After apologizing profusely to the client, Stiles took the opportunity to lead by example, and called out her own blunder to the entire team.
“How we view mistakes is you admit it, you learn very quickly, and then turn it around,” she says. “We immediately put a structure in place for the sales process where we have all the client information in one place, including the quoted price.”
“The thing that always comes to mind is Peyton Manning,” she says. “If he’s having a fabulous quarter and then all of a sudden he throws an interception, he can’t sit there and dwell on it, otherwise he’s just going to throw another one. He has to address it and move on and throw a great pass the next time. Admit it, fix it, move on.”
The company’s hiring process is still evolving, partially because the company itself is still quite small. So far, Sitter.me has hired only one employee through the traditional system of resume submission and review—for marketing coordinator Elena Shaw, who started as an intern. Two other recent hires connected via professional networks: Sarah Molk, who unexpectedly connected via one of Sitter.me’s customers, and Stephanie Burdick, a former employee of Stiles.
Sitter.me’s office is in tight quarters, and everyone knows that a new person will have to fit in from the beginning. Stiles says the interview process entails the candidate coming to the office and spending a couple of hours getting to know all the employees and what they’re working on. This practice makes for a better atmosphere all around—a goal the team also works toward through the go-to activity of community volunteering. The staff has participated in four volunteer events so far and plans to do one every quarter.
“The first one was really the best,” Stiles says. “Matt [Stueve, co-founder and CTO] is a big outdoor enthusiast and hiker, so he wanted to plan a community service thing where we go and help fix trails with Boulder County Parks and Open Space. We thought we were going to go out, do some trail building—‘Oh, sounds fun.’”
The rest of the team then found out that they were going to be loading a wood chipper with chopped-down branches from an invasive species of trees near Boulder Creek.
“As a volunteer, you don’t really know the exact kind of thing you’re going to be doing. It was July. It was 100 degrees out. I’ve never been so hot,” Stiles says, starting to tear up with laughter at her story. “We had to wear jeans and long-sleeve shirts, and these huge helmets that were scorching hot; you couldn’t hear anything because you had these big ear things on, dripping sweat.
“We were dumping buckets of creek water on our heads to cool off. And we had talked another Techstars company into doing this with us—they left. They were like, ‘We’re never doing another community service project with you ever again.’ But one thing about our culture, if we say we’re going to do something, we do something. We promised we would do this, we had committed, and we stuck it out. But we thought we were going to die. It was so much fun and so terrible at the same time.”
In this case, fun and terrible were a great combination for team building. Stiles also touches on one point about culture that she learned from a previous position: It’s a success for the company if an employee grows so much that they need to move on.

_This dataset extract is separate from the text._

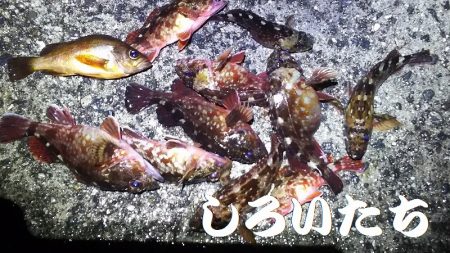 淡路島2日目。福良から洲本へ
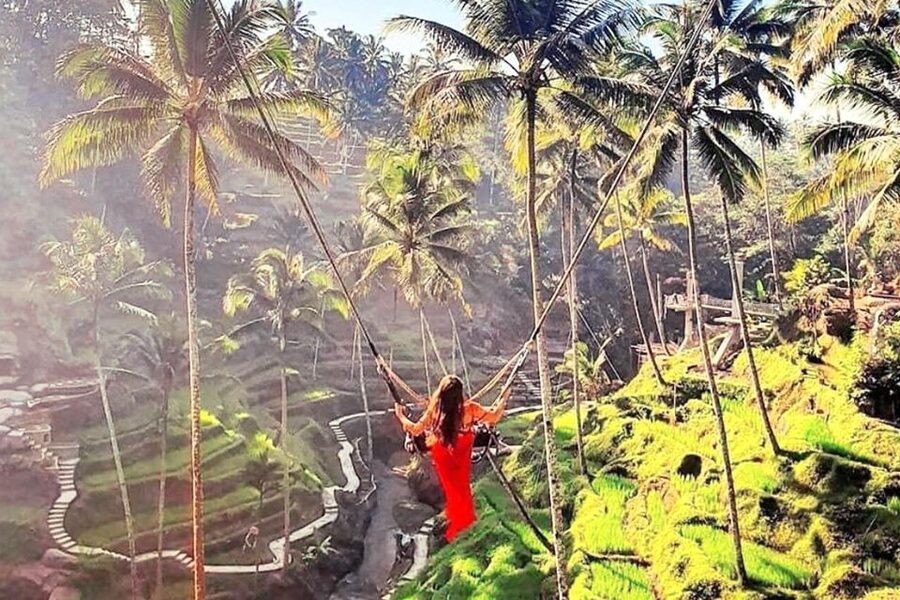 Discover Ubud: Tailored Private Tour with Top Highlight - How the pickup, driver, and private transport actually help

“One of the things that I think is so important, this was an HP Way value that I learned, was if somebody moves on because they develop skills at your company and they want to take those skills further, and we just can’t offer that kind of capacity of work, then it’s a celebration of success of the company,” Stiles says.
“That’s what happened with Emily [Stockton, former Sitter.me employee]. She learned a ton; she was a speech language major. We had her learn about social media and other marketing stuff, and she went on and became a full time social media manager. We just don’t have that kind of need at our company yet. But I just talked to Emily yesterday.”
April Nowicki is a staff writer at Street Fight.